In February the Ministry of Development and Technology unveiled drafts of three legislative acts with a potential to have a profound impact on the functioning of real estate and construction markets in Poland. The first of these acts – Act on amendment to the Act of 27 March 2003 on Spatial Planning and Development was already adopted on 4th April and came into force on 7th May this year. The draft amendment to the Construction Law of 7 July 1994 is currently undergoing further modifications. The third draft is a new Act on Solutions to Increase the Availability of Land for Housing (henceforth “Land Availability Act” or “LAA”). In last month’s article we discussed the first two of these proposals, as well as those provisions of Land Availability Act that would introduce changes to the Act on Spatial Planning and Development, the Construction Law, and the Act of 5 July 2018 on Facilitating the Preparation and Execution of Housing Projects and Accompanying Investments (so-called “Lex Developer”).
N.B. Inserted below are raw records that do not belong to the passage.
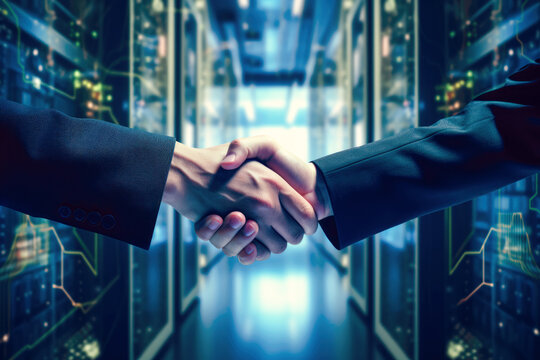 A firm handshake between two professionals symbolizes the successful exchange of information in the world of networking and technology.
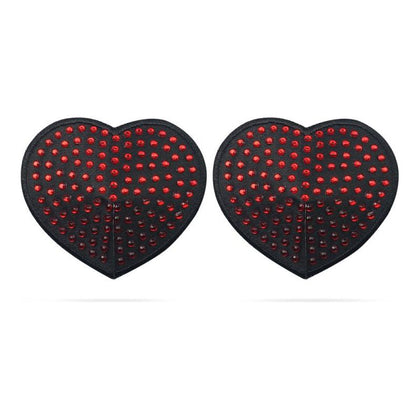 Introducing the Passionate Pleasures Seductive Satin Red Diamond Heart Nipple Pasties - Model RDP-001 - Women's Sensual Nipple Stimulation - Red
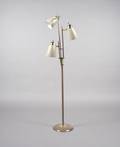 A Contemporary ThreeLight Brass and Painted Floor Lamp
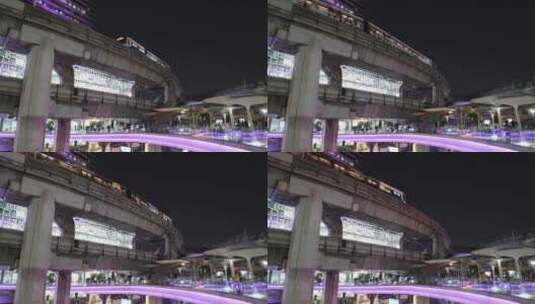 东南亚泰国曼谷网红天桥拥挤的车流和人流高清在线视频素材下载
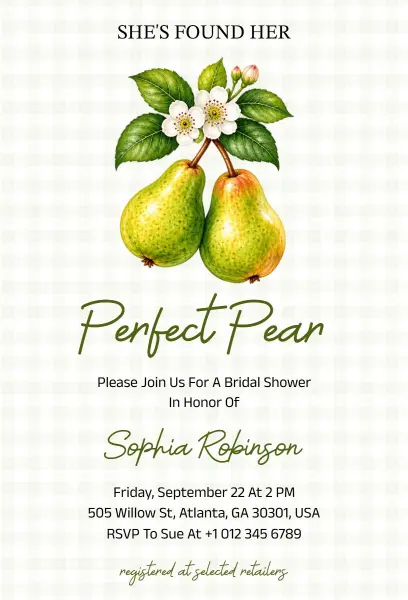 Bridal Shower Perfect Pear Themed Invitation Template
In the present article, we take a look at Land Availability Act’s other provisions that are relevant and important for construction project owners.
I. Developers given option to pay commune to build public road instead of building it themselves
Article 16 of the Act of 21 March 1985 on Public Roads stipulates that where the execution of a (private) construction project of a non-road character creates the need to build a new public road or to reconstruct an existing public road, such construction or reconstruction is the responsibility of the owner of the non-road project (henceforth developer), with detailed terms to be specified in a so-called road agreement concluded between the road administrator, i.e. the commune, and the developer. Under Land Availability Act, the developers would have the option to fulfil the above obligation by providing the road administrator with appropriate funds to build/reconstruct the road, instead of executing the road project on their own. While such an arrangement has already been frequently employed in practice, but its compatibility with the above provision of the Act on Public Roads is subject to controversy. LAA ends the controversy by explicitly permitting it.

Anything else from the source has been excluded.